Um dos temas foi o não afastamento dos ex-secretários Tibério Limeira e Pollyanna Werton, denunciados pelo Grupo de Atuação Especial de Combate ao Crime Organizado (Gaeco), do Ministério Público, no caso que ficou conhecido como 'escândalo do Padre Zé'.

João Azevêdo justificou a manutenção dos auxiliares com base na presunção da inocência e declarou que não se arrepende da postura, mesmo com a denúncia feita pelo MP.

Claro que eu não me arrependo. Na verdade, o Ministério Público fez uma investigação e em dezembro de 2025 a encaminhou à Justiça. Não foi pedido o afastamento de nenhum secretário que poderia (o Ministério Público) ter pedido se houvesse gravidade no fato denunciado, e o Tribunal de Justiça só acatou (a denúncia) em maio, quando eu já não era mais governador. Não havia nenhum tipo de julgamento. O mínimo que alguém merece é presunção de inocência", disse João Azevêdo.

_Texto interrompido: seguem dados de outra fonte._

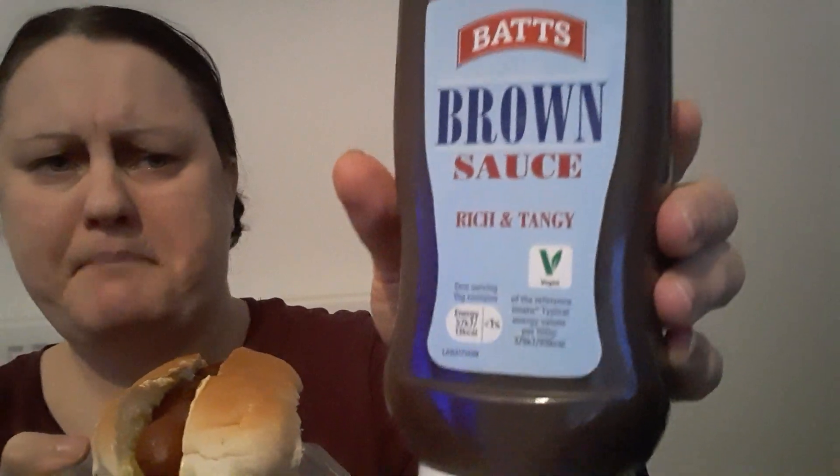I've got the brown sauce here — this is the one by Lidl, about 99 pence now. It used to be 69 or 89 pence. I've left a bit without the sauce to try it plain first before it runs out.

A denúncia feita pelo MP relata um suposto esquema de pagamento de propina, classificado como "devoluções", por parte de empresas que forneciam produtos para as instituições e eram contratadas para fornecer itens para o hospital e refeições para o Programa Prato Cheio.

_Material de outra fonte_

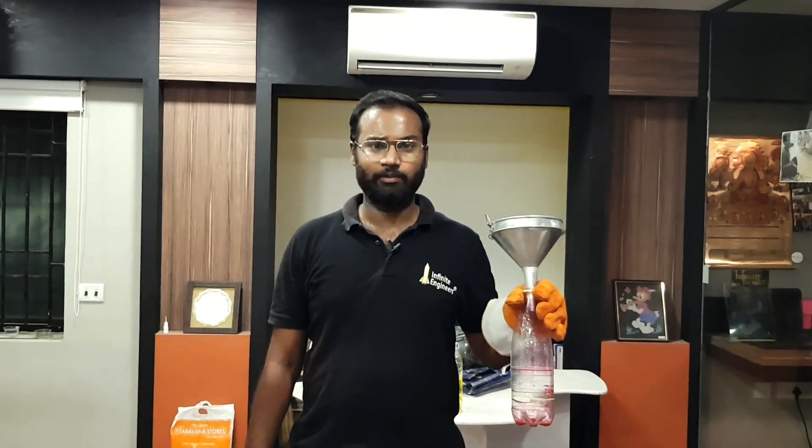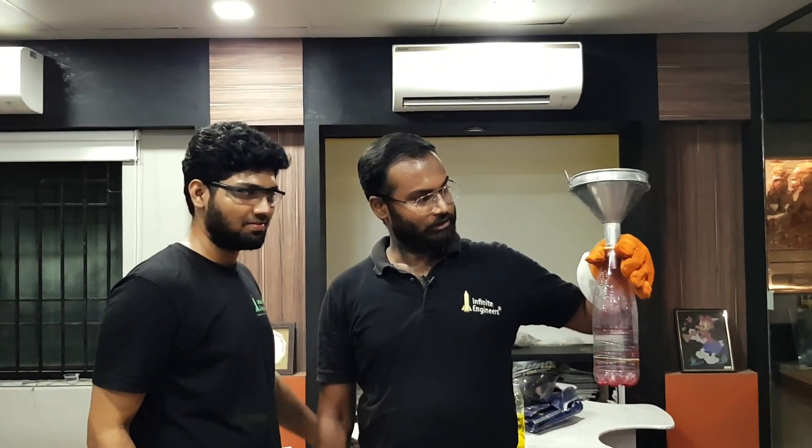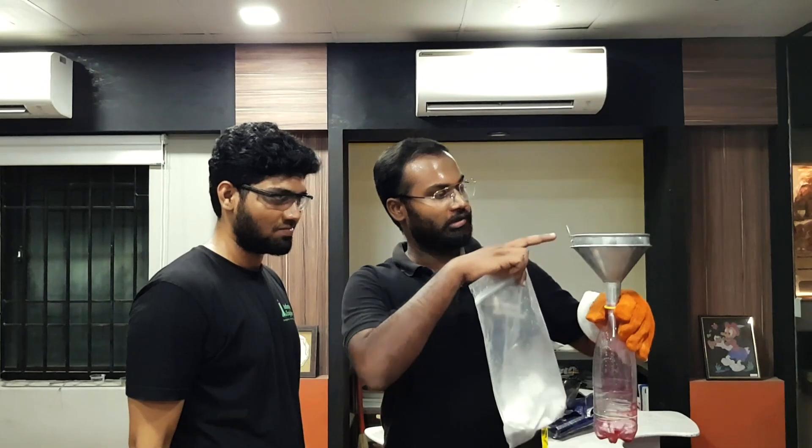We are going to do a dangerous experiment. Safety first. We are going to put a glass on both sides. We are going to add a bottle and a funnel.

Em 27 de maio deste ano, o Tribunal de Justiça da Paraíba acatou a denúncia do MP e tornou réus Tibério, Pollyanna e mais 14 pessoas. Com relação aos ex-secretários, a denúncia do Gaeco aponta que Tibério Limeira teria recebido R$50 mil no suposto esquema. Já Pollyana Werton teria sido beneficiada com a cifra de R$70 mil.

Os dois ex-secretários negam as irregularidades e dizem que irão provar inocência junto à Justiça.